The E-RIP will require the General Fund to fork over $600 million over the next 15 years, about 40% to 45% of which will be financed by City employees through a voluntary 1% contribution of their wages.
Another 1,600 employees, along with their unfunded pension liabilities of almost $200 million, were dumped on our Department of Water and Power, while additional surplus workers were transferred to the other two proprietary departments, the Port of Los Angeles and Los Angeles World Airports, and to other special revenue departments.
Overall, there have been less than 500 layoffs.
However, there is a minor problem with the tale of declining revenues that City Hall is spinning: the facts.
This year’s General Fund revenues are budgeted to be almost $850 million higher than 2005, the year Antonio Villaraigosa was elected mayor.
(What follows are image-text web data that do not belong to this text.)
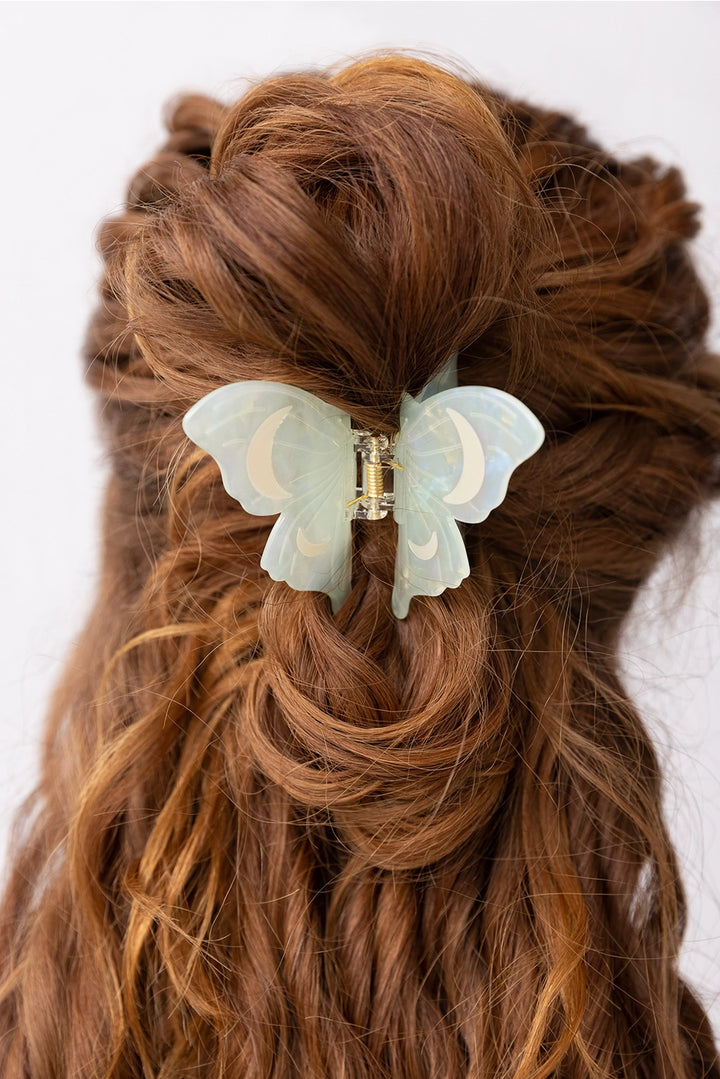 Luna Moth Acetate Hair Claw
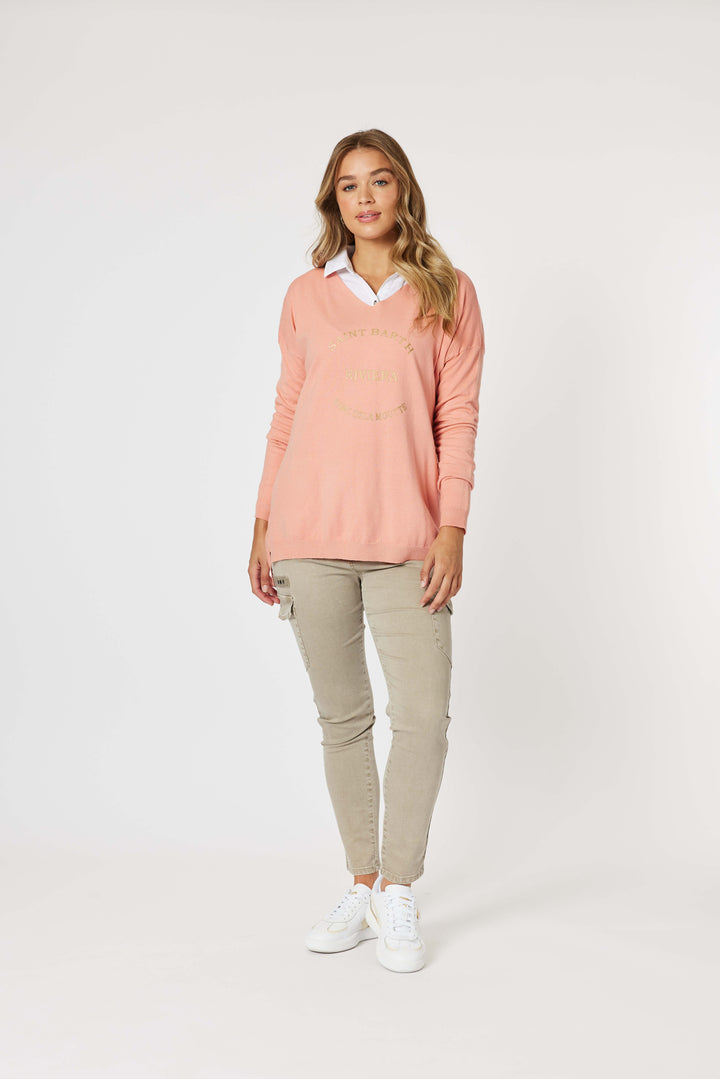 Saint Barth Knit - Coral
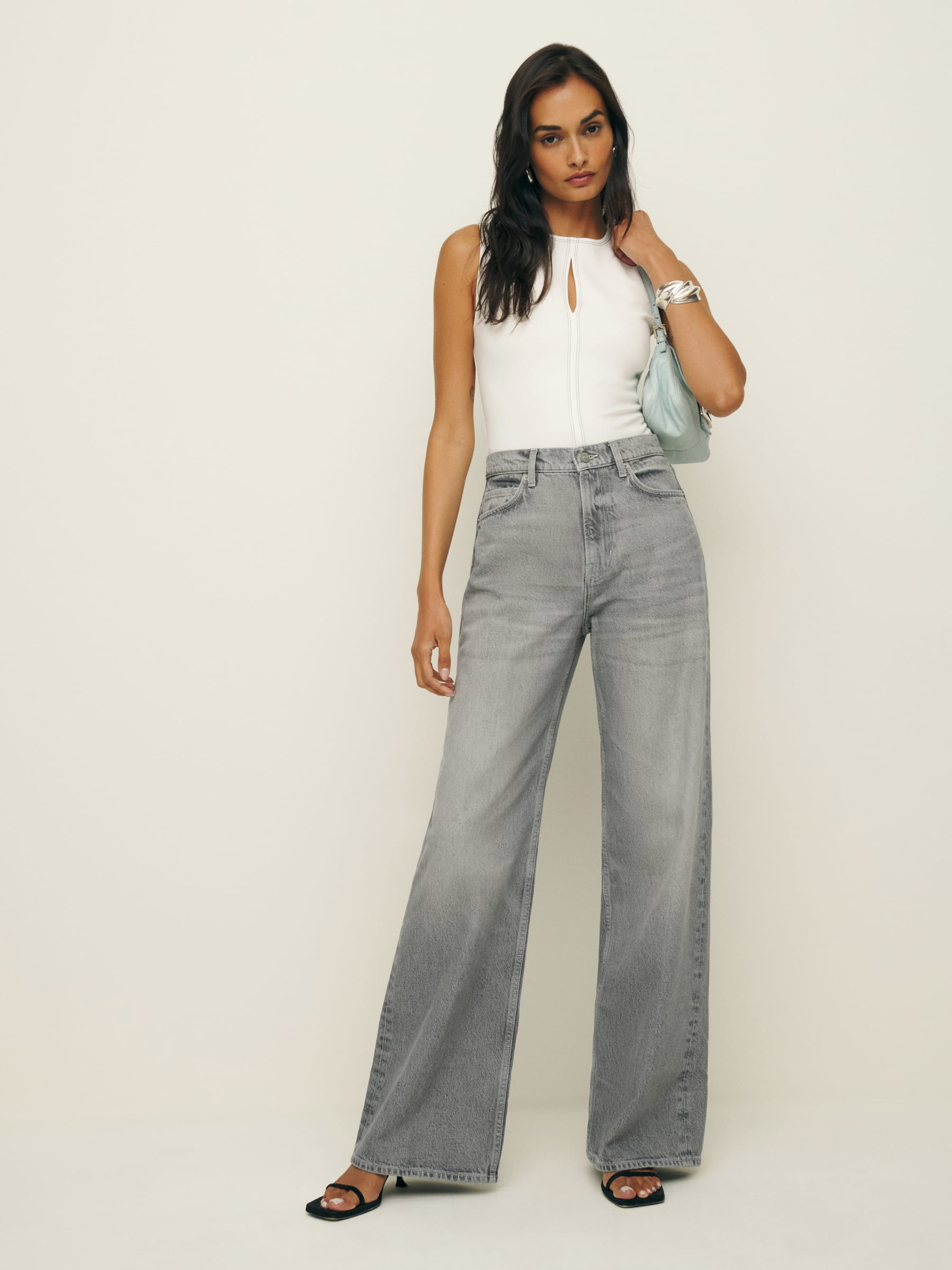 Cary High Rise Slouchy Wide Leg Jeans | Reformation (Global)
This 23% increase has resulted in record revenues of almost $4.5 billion, exceeding the previous high in 2009 by almost $125 million.
Furthermore, there has been only one year when revenues declined, in 2009 when they dipped by $132 million, or 3%.
Rather, the City’s financial crisis has been caused by the massive increase in salaries, benefits, and pension contributions of at least $1.3 billion since 2005, outstripping the increase in revenues by over $450 million.
During this period, the average salary of a civilian worker increased by almost 24% to over $72,000 a year and is scheduled to go up another 11.5% by July 1, 2014. In addition, the total cost of benefits rose 50% and the City’s pension contributions exploded by 150%.
A major contributor to this increase in personnel expense was the execution of the 2007 labor agreement where the City, led down the garden path by the politically ambitious members of the closed door Executive Employee Relations Committee, agreed to increase the salaries of civilian workers by an mind boggling 25% over a five year period.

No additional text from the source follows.